Delicious hunger, p.1
Delicious Hunger, page 1

Rarely does a work of Singapore literature manage to render the dense tropical music of the jungle—or as Chinese-language writer Hai Fan puts it, “the rainforest talking in its sleep”.
The former Malayan Communist Party fighter’s short stories are intimate—though not naively sympathetic—sketches of the lives of the guerillas who fought in the rainforests in the last decades of the Cold War.
Booker Prize-longlisted Singaporean translator Jeremy Tiang allows Hai Fan’s gritty surrealism to shine through its dense foliage in his translation. The stories’ keen knowledge of the flora, fauna and geography of Malaya—and their relation to politics—makes this an exceptional instance of Singapore literature.
—The Straits Times
The revolutionaries’ daily lives come into sharp relief in Hai Fan’s stories, which take on added depth through their exploration of themes of friendship, love and purpose. Readers will find much to savour in these impassioned and unique tales.
—Publishers Weekly
No other Sinophone Singapore and Malaysian writer renders the quotidian experiences of revolution-making in the Peninsular Malaysian rainforests with such artistry and authenticity. Departing from established representations of jungles in the region’s literature, Hai Fan’s evocative tales bear the distinctive signs of his lived engagement with “the ways of the hills and rivers”. The vividly crafted stories foreground corporeal urges alongside a gamut of complex emotions as Hai Fan revisits his memory palace, the locus of his social idealism. Infused with nuance and empathy, Jeremy Tiang’s translation offers English-language readers unprecedented access to Hai Fan’s bracing narratives, inspiring a wider vicarious thought: How does commitment to political ideality enable personal beliefs to survive organisational failure? This is a luminous work of tremendous candour, courage and creativity.
—Chan Cheow Thia, author of Malaysian Crossings: Place and Language in the Worlding of Modern Chinese Literature
In this remarkable collection which I have the fortune to read in both the Chinese and English languages, Hai Fan masterfully weaves a tapestry of lives across Singapore and Malaysia’s cultural and linguistic mosaic. Hai Fan and our translator Jeremy deftly blend military terminology, guerrilla vernacular, and colloquialisms from multiple Chinese dialects, Malay, English, and Thai—creating an authentic linguistic landscape as rich and diverse as the region. Through eleven stories forged over thirteen years, readers can journey through verdant rainforests where characters move with purpose—some seen, some overlooked, some forgotten. While moments of gunfire and peril punctuate these brilliant tales, the collection’s core lies in the everyday rhythms of jungle life: planting crops, hunting, crossing rivers, setting mines, storing provisions and standing guard—military necessities that became the daily existence for which warriors like Hai Fan had risked everything.

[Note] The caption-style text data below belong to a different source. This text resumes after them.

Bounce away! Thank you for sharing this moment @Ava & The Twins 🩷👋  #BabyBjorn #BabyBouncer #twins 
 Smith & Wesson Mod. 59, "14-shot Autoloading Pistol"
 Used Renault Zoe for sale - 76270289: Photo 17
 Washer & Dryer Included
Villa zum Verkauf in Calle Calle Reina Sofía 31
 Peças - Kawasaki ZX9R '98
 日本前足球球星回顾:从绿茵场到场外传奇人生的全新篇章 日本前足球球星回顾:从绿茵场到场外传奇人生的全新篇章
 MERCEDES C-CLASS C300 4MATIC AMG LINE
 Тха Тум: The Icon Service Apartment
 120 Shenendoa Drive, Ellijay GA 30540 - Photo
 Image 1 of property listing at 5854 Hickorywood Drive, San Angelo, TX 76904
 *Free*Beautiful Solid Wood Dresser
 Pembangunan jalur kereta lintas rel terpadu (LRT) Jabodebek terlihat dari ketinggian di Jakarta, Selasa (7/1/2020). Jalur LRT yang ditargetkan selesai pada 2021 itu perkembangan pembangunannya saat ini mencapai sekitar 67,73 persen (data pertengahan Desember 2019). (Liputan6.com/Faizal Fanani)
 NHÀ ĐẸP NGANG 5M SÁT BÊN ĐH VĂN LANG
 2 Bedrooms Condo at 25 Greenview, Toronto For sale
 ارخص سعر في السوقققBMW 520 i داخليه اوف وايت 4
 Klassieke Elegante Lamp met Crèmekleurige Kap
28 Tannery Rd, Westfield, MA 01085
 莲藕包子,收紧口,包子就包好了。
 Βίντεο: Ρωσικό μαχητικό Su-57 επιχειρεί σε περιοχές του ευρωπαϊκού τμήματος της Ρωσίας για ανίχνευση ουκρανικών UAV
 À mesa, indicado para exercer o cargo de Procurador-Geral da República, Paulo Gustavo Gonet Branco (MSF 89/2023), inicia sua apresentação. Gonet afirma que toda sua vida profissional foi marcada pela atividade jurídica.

—Dr Tan Chee Lay, scholar, poet, artist
At once poetic and visceral, haunting yet lyrical, Delicious Hunger immerses the reader in the sensory realities of jungle life: the sweetness of juice from woody vines, more refreshing than Coca-Cola; the tender gaze of a trapped mouse deer, so disarming it stays its captor’s hand; and the enchanting scent of wild mango stored in an earthenware jar, preserving not just fruit but fragile emotions.
Drawing from firsthand experience, Hai Fan’s short story collection vividly recreates one of Southeast Asia’s most complex anti-colonial struggles. Jeremy Tiang’s skillful translation captures the depth of the original text, from the precise naming of native flora to the subtle shifts in dialect that reveal the guerrillas’ diverse backgrounds, maintaining both the literary elegance and raw immediacy of Hai Fan’s prose.
With its compelling narratives and historical depth, Delicious Hunger is essential reading for those interested in revolutionary movements, post-colonial resistance and the global Cold War.
—Zhou Taomo, Associate Professor, the Department of Chinese Studies, Dean’s Chair, the Faculty of Arts and Social Sciences, National University of Singapore, author of Migration in the Time of Revolution: China, Indonesia and the Cold War
Stories of jungle dwelling that explore a geography of new communities, of daily survival, of broken bodies and lost dreams, turning the history we think we know inside out.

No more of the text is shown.